***** Input
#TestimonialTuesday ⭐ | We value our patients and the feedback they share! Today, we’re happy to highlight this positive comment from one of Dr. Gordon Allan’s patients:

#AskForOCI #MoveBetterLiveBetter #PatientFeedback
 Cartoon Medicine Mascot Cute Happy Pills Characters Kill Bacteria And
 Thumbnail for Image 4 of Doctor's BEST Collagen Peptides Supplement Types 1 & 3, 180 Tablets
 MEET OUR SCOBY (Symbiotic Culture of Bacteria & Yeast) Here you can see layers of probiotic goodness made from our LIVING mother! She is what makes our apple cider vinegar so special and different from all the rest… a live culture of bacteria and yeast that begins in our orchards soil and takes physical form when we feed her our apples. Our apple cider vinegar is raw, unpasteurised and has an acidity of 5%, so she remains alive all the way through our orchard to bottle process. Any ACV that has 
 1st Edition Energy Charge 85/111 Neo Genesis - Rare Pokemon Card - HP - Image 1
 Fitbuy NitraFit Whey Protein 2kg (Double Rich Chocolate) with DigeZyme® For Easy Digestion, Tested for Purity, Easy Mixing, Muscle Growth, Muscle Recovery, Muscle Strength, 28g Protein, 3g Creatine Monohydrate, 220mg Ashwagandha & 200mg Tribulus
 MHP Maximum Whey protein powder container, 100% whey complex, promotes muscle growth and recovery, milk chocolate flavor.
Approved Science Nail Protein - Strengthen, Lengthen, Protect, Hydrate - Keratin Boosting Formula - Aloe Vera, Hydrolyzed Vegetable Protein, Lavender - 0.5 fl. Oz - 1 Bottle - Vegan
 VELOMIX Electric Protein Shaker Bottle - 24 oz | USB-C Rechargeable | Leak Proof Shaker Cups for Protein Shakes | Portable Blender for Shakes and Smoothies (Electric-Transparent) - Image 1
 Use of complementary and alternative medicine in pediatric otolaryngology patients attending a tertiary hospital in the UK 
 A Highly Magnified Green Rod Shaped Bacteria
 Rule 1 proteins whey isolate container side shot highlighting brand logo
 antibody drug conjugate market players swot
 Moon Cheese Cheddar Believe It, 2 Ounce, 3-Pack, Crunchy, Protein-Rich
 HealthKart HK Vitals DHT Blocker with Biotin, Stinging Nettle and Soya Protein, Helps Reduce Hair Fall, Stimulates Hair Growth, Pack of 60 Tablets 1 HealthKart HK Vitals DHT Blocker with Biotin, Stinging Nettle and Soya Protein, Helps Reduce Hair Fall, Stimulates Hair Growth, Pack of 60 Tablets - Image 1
**********
What needs to be done.
Give the exact lines, and only those, from the line containing "Cartoon Medicine Mascot" through the line containing "Thumbnail for Image" in the entries above.

Completed task.
 Cartoon Medicine Mascot Cute Happy Pills Characters Kill Bacteria And
 Thumbnail for Image 4 of Doctor's BEST Collagen Peptides Supplement Types 1 & 3, 180 Tablets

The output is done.